Malik’s success just reinforced their belief that they had been right to let their daughters to pursue the sport they wanted to.

The news triggered an outburst of joy and pride in Rohtak and Haryana. Malik’s bronze-medal finish followed a 12-year struggle in Rohtak, a district of 143 villages, with a gender ratio of 867 women for every 1,000 men; it is worse than even Haryana’s already abysmal sex ratio of 879/1,000. Of the 15 districts in the country with the worst sex ratio, Haryana accounts for nine. Rohtak has one of the highest rates of reported crime against women, of 75 per one lakh population in 2014, compared with a national average of 52.2.

Malik and the 78 aspiring wrestlers training in Chhotu Ram Stadium, counter the narrative of oppressed women in Haryana. In this stadium, the signs of camaraderie are everywhere—in the clothes and the dreams they share. Everyone is ready to help the other as long as they are not fighting each other on the mat. Mansi, who has won several state wrestling championships, has a shoulder sprain which she got while practising two months ago. Injury or not, practice has to go on for the sisters.

“It just gets less intense when we hurt ourselves. We don’t stop,” says Mansi.

Now they have several reasons to continue the struggle. The target for Pawan Ahlawat, the father of the two teenagers, are the 2020 Olympics, which will be hosted by Tokyo. “I will do whatever it takes to feed them well. I will try giving them all the support they want. No one here has ever done what Sakshi did. If she could, coaches say, my daughters will as well. It is just a matter of time now,” says Ahlawat.

Haryana, where the practice of female foeticide has been well documented, might have a bad track record when it comes to gender ratio, but for the women from the state, straying from societal norms through sports is nothing new.

The state has also produced the champion discus thrower Krishna Poonia and the famous Phogat sisters in wrestling, besides Malik.

The first national women’s wrestling championship was held in India in 1999. It was at the 2004 Games in Athens when women competed in wrestling for the first time since the modern Olympics began in 1896. In 2012, Geeta Phogat became the first Indian woman wrestler to qualify for the Olympics.

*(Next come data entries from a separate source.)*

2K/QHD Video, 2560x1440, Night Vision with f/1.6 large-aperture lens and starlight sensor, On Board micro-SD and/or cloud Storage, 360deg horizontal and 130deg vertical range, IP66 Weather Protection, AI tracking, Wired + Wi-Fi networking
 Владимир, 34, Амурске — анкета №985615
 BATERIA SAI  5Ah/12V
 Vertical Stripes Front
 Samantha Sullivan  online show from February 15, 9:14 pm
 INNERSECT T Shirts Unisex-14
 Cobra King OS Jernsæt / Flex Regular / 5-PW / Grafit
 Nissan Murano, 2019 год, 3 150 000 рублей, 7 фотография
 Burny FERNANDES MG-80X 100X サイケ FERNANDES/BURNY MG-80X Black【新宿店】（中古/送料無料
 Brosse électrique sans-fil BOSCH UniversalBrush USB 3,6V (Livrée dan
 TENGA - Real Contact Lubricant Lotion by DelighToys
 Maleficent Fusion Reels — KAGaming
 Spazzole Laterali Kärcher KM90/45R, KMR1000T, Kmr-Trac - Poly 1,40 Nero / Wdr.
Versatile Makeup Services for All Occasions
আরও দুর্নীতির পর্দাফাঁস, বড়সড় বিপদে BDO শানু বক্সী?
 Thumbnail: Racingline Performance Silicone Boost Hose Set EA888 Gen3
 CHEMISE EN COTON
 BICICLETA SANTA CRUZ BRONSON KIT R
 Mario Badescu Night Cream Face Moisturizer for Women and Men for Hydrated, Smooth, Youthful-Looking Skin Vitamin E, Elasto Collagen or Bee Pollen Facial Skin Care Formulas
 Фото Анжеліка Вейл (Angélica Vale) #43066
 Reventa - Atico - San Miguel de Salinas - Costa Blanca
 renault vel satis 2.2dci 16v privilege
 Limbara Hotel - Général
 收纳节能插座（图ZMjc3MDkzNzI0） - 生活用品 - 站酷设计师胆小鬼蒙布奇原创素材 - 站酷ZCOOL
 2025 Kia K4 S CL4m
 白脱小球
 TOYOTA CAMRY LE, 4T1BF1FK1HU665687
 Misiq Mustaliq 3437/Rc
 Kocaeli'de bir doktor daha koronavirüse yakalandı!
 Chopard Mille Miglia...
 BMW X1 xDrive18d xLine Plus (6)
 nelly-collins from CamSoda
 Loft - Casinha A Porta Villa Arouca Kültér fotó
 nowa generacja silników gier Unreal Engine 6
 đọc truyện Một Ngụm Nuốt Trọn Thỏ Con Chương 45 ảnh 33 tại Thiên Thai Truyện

In 2002, when women’s wrestling was introduced in Rohtak, former wrestlers and coaches questioned Ishwar Singh Dahiya, the then Haryana sports department coach at the Chhotu Ram Stadium, about the wisdom of letting “goats stay among lions”, according to a 2014 Mint article.

No such questions will be raised now, for sure.

“Our girls are doing as much if not more than what our boys are doing,” says Ahlawat.

The evening after Malik’s Rio triumph, Mansi and all her wrestling friends went to her house— there were mediapersons all around, members of Parliament and state legislators gathered in her house along with local residents.

“I kept looking at everyone... everyone was so proud of Sakshi didi. One day, when I come with my medal from the Olympics, I will also get this kind of a welcome. People will wait for me as eagerly as we are all waiting for the 23rd of this month, when she will arrive,” says Mansi.